A l’inverse, nous pouvons lui reprocher des versements non défiscalisables à l’entrée, comme ils pourraient l’être en revanche sur le Plan Epargne Retraite. L’assurance vie ne permet donc pas la défiscalisation à l’entrée, pourtant là où elle serait probablement nécessaire. On peut supposer que lorsqu’un assuré dispose de finances suffisantes pour épargner, c’est qu’il perçoit des revenus confortables, donc qu’il est potentiellement imposable.
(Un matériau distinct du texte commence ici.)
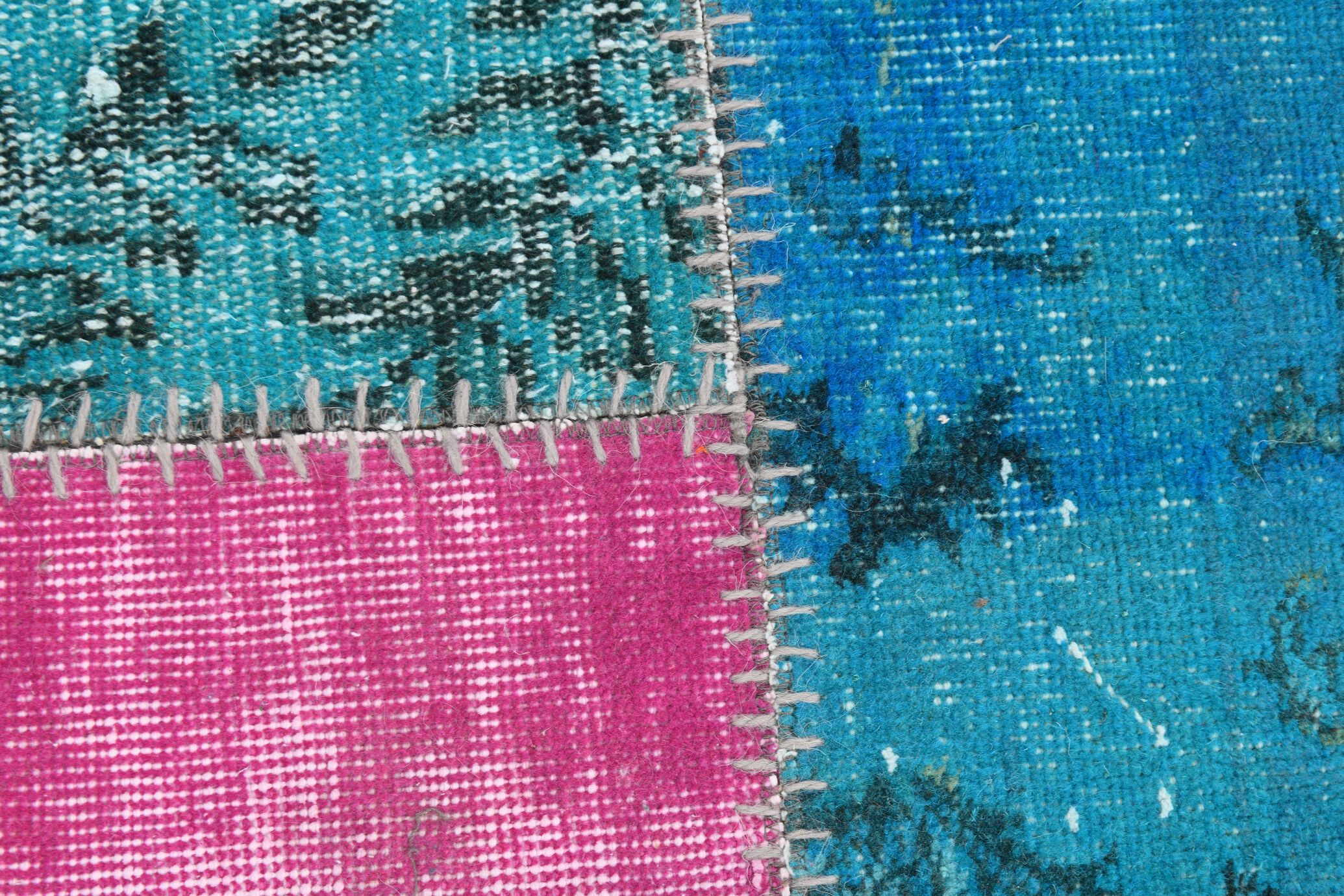 7x10 distressed multicolor vintage rug 303x213cm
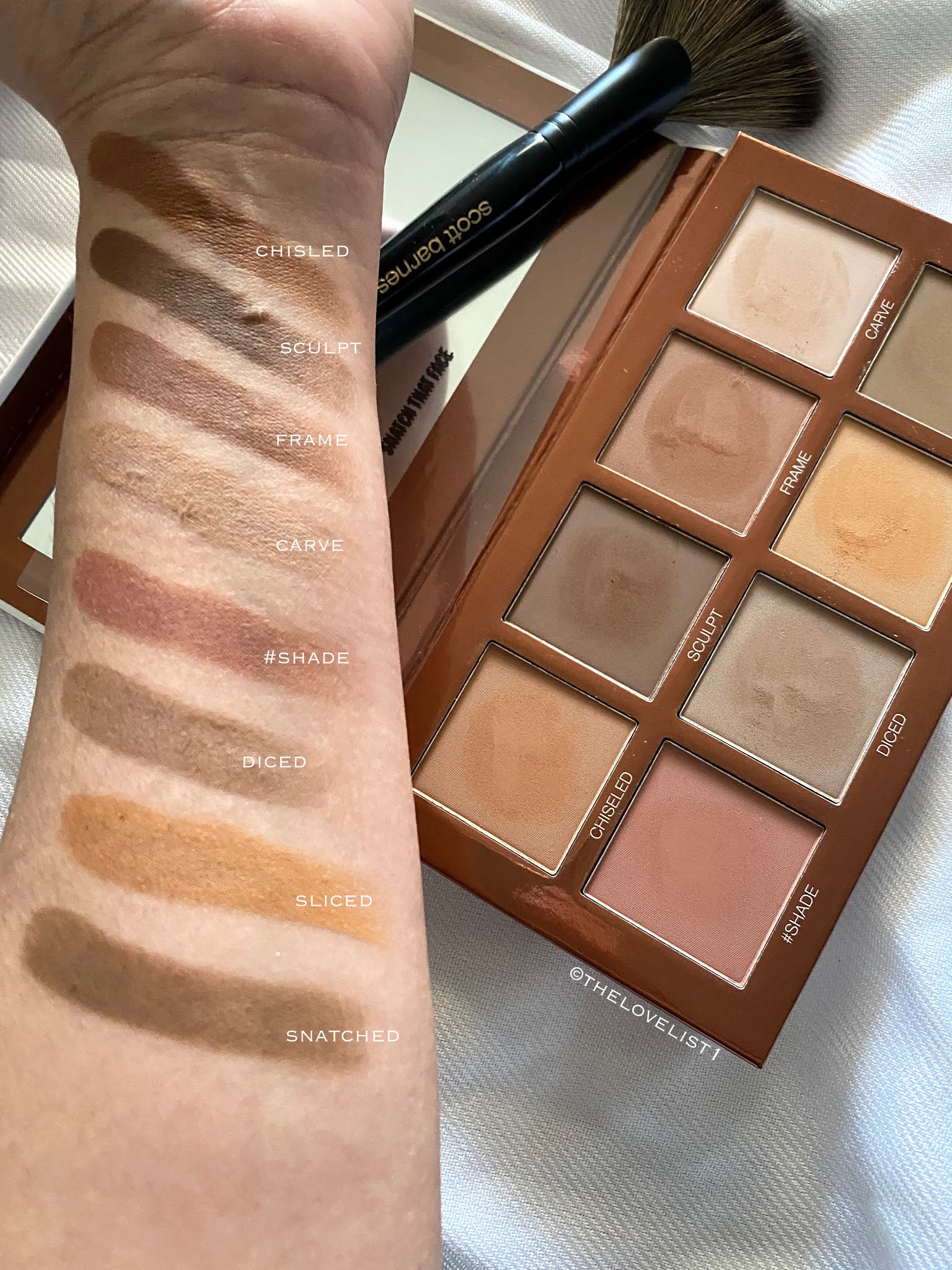 Product Review Scott Barnes Cosmetics Sculpting and Contour N°1 Palette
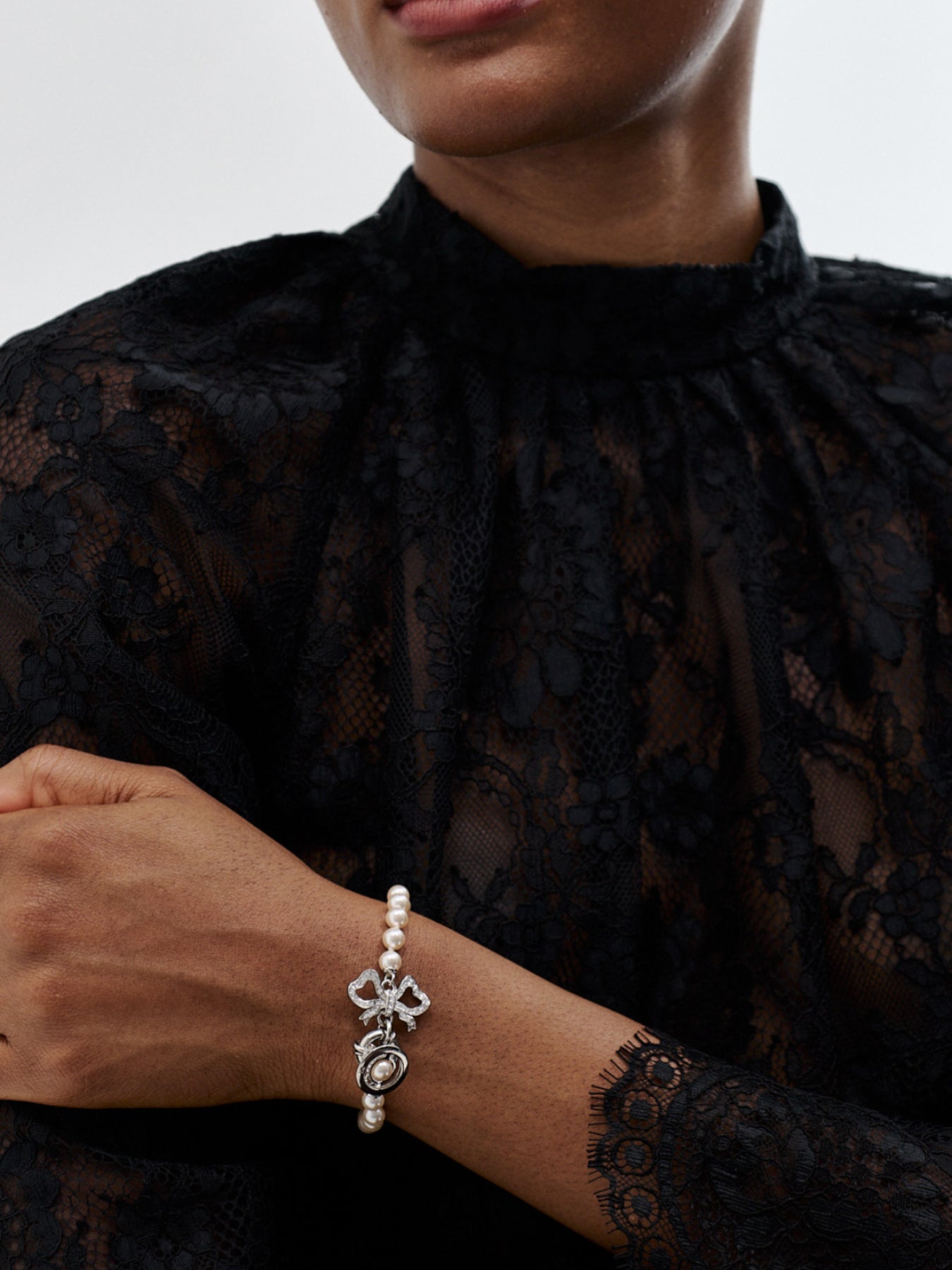 Rigoberta Pearl Bracelet Silver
Ajoutons également comme inconvénient la fiscalité des rachats de moins de 8 ans. Si elle est moindre après 8 ans de détention du contrat, elle est en revanche plutôt importante pour les retraits en amont des 8 ans. Pourtant, dans une vie d’actif, les finances aisées d’aujourd’hui ne prévalent pas des finances de demain, sans parler des changements de vie (séparation ou divorce, veuvage, perte d’emploi, etc.) qui peuvent largement chambouler les finances et nécessiter le retrait de l’épargne.